I’ve been posting about the rise of the informal semantic contract relating to web-services and the deficiencies of XML Schema in adequately communicating the capability of anything other than a trivial service. Formalising a semantic contract by enriching a baseline structural contact (WSDL/XSD) with semantic or content-based constraints, effectively creates a smaller window of well-formedness, through which a consumer must navigate the well-formedness of their payload in issuing a request. Other factors such as incremental implementation of a complex business service ‘behind’ the generalised service interface compound the need for a semantic contract.
To clarify the relationship between structural and semantic, I happened upon a great picture which I’ve annotated…
This is my stake in the ground for now. SOA in the market-place places total emphasis on 2 things. Web Services as a basis for communication and Re-use as a basis for convincing the boss to put some cash into your middleware bunker..no…play-pen…err…seat of learning.
In addition the militant splinter-groups of the new-wave of RESTafarians (of whom I am an empathising skeptic on this specific point about service specification) call for the death of WSDL and the reliance on (WSDL-lite) WADL in the case of the less extremist, but plain-old inference from sample instance documents in the case of the hard-core….
I am finding myself sailing down the no-mans land between these two polarised viewpoints, and see the need for specification in the more complex end of the interface spectrum, but similarly don’t see how specifications help when decoding the specification is harder than inferring from samples when interface contracts are relatively intuitive. So there we have a basic mental picture of my map of the universe.
Now I’m getting to the point.
I’m now convinced that SOA’s push for re-use established through WSDL everywhere, but equally the more recent RESTafarian voices relating to unspecification both have flaws when we are attempting to open up a generalised interface into a service endpoint capable of dealing with a range of entity variants (say product types for example).
My view here is that in the SOA landscape, the static and limited semantic capability of XMLSchema, and in the RESTian lanscape, the inability of humans to infer correctness without a large number of complex instance document snapshots, leads me to the conclusion that there is a vast, yawning, gaping, chasm of understanding in what constitutes an effective contract in locking down the permissible value permutations – aka the semantic contract.
I’ve seen MS-Word. I’ve seen MS-Excel. I’ve seen bleeding-eyes-on-5-hour-conference-calls-relating-to-who-means-what-when-we-say-customer, and best of all I’ve seen hardwired logic constructed in stove-pipes behind re-usable interfaces, aka lipstick on the pig.

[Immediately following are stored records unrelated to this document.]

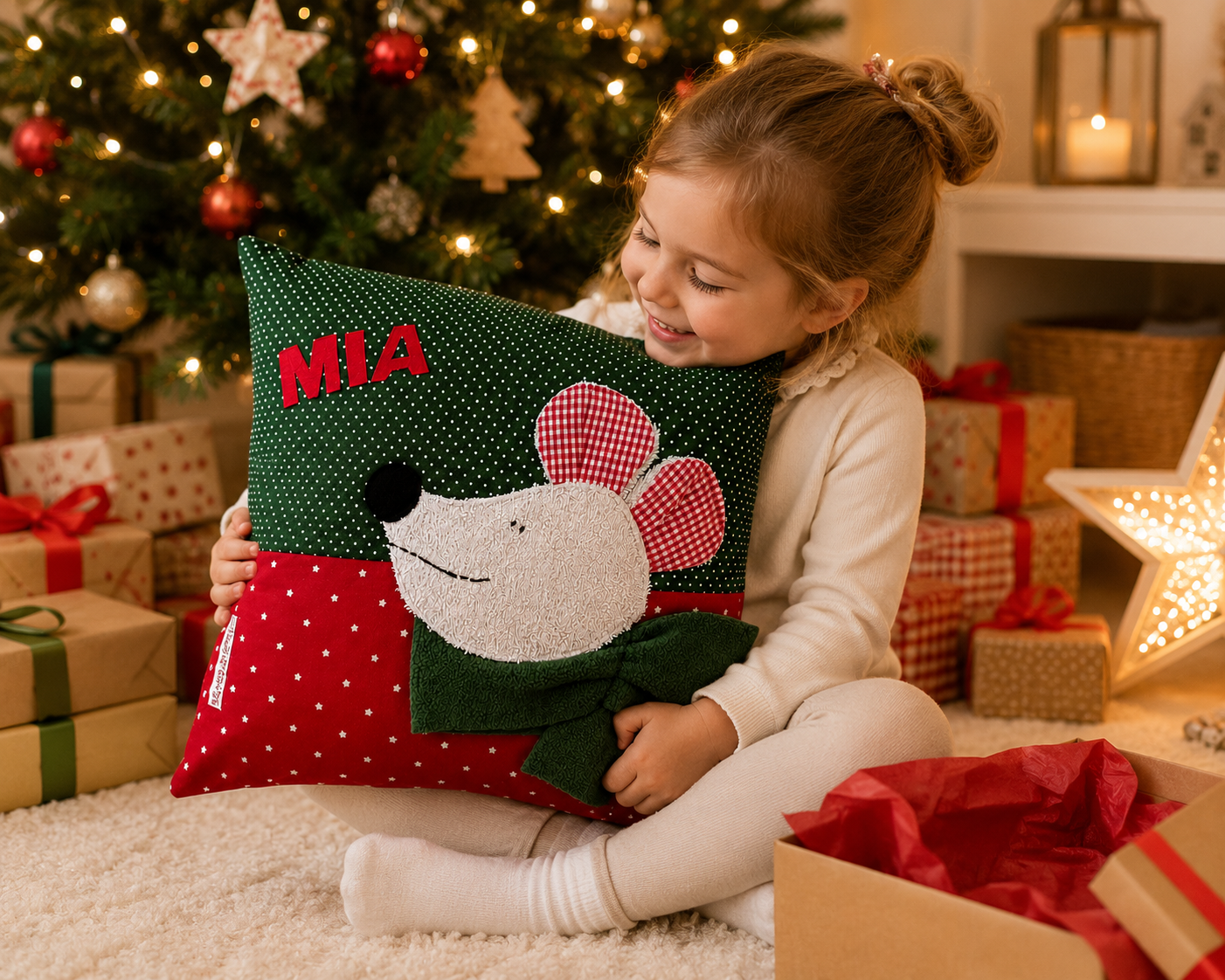 Kuschelkissen Maus personalisiert | Weihnachtsgeschenk für Kinder 40x40 cm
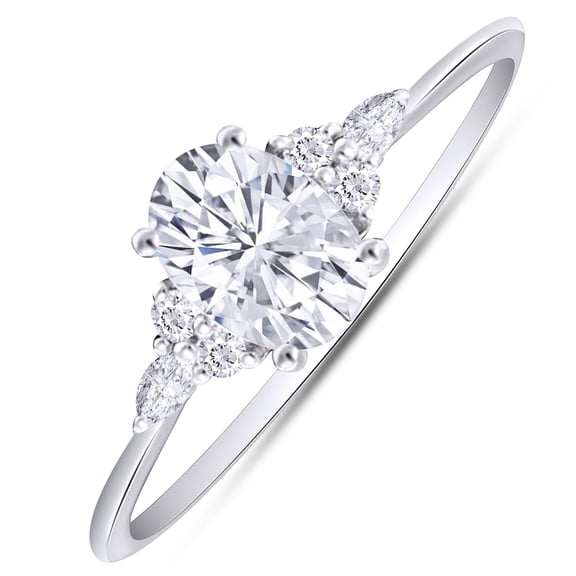 AFFY 1.00 CT Oval, Marquise & Round Cut Cubic Zirconia Solitaire Engagement Ring For Women's in 14K White Gold Plated 925 Sterling Silver (Color: White, Clarity: VVS1, 1.00 Cttw)-4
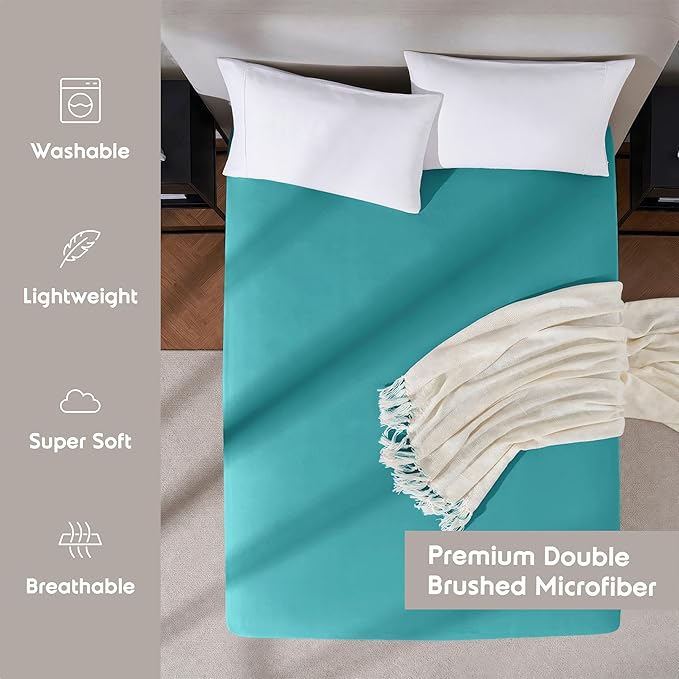 Nestl 4 Pack Teal Fitted Sheet Extra Deep Pocket, Hotel Luxury TwinFitted Sheet Only Easily Fits 18 to 24 Inch Mattress, Super Soft, Wrinkle-Free and Breathable with Corner Straps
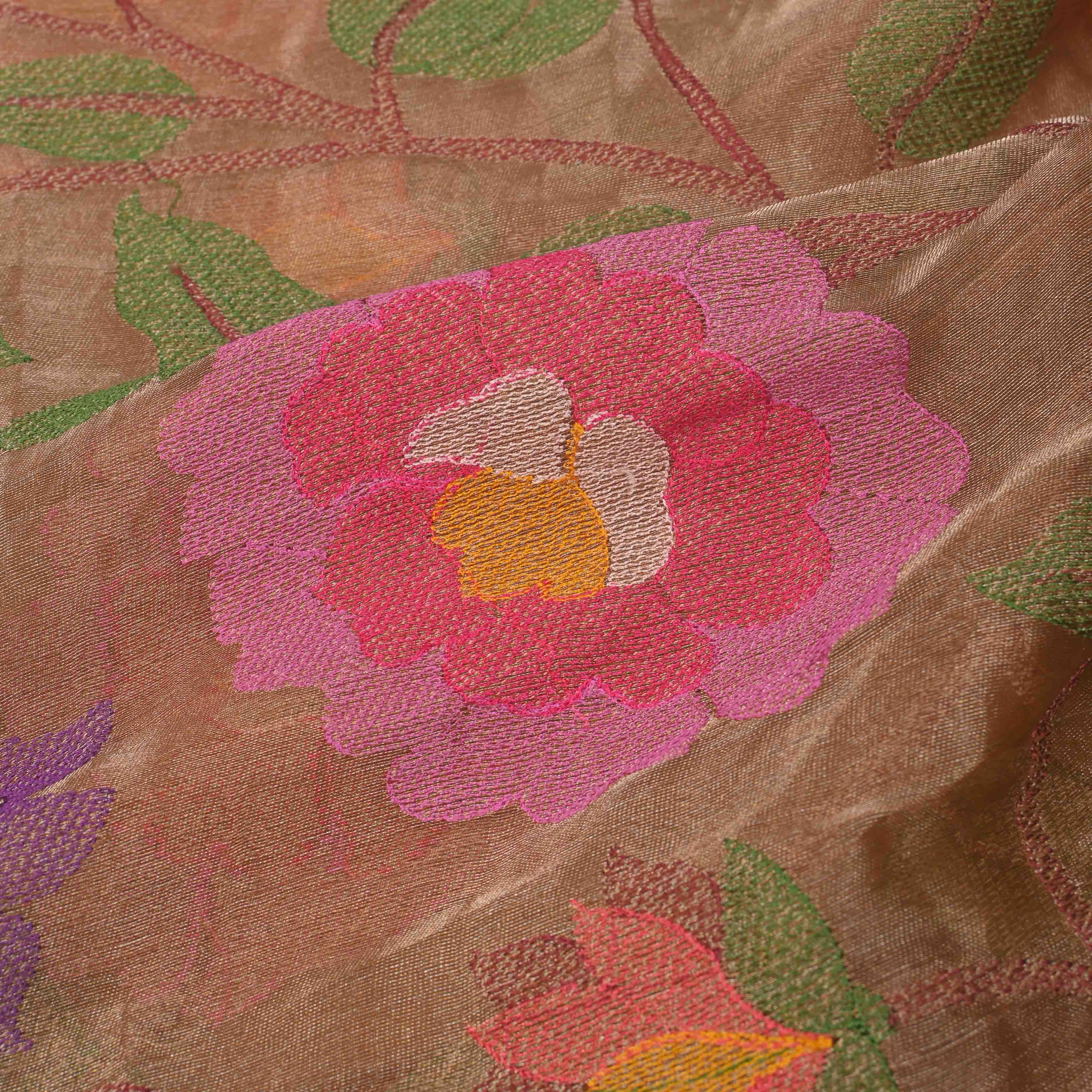 Dull Gold Tissue Fabric With Jaal Embroidery
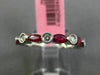ESTATE 1.03CT DIAMOND & AAA RUBY 18KT WHITE GOLD SEMI ETERNITY ANNIVERSARY RING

I reckon the semantic contract – the contract locking down the permissible instances is far more important than the outer structural contract who’s value decays as the level of re-use and inherent complexity of the interface increases. In addition there are likely to be multiple iterations/increments of a semantic contract within the context of a structural contract as service functionality is incremented over successive iterations – adding product support incrementally to an ordering service of example. This leads to to the notion of the cable cross-section:
In the SOA context…WSDL drives tooling to abstract me from the structural contract. But the formation of the semantic contract as the expression of what the provider is willing to service via that re-usable and loose structural contract is the key to effective integration.
If we don’t pay this enough respect we’ll be using our system testing to mop-up the simple, avoidable instance-data related problems that could be easily avoided if we’d formalised the semantic contract earlier in the development lifecycle…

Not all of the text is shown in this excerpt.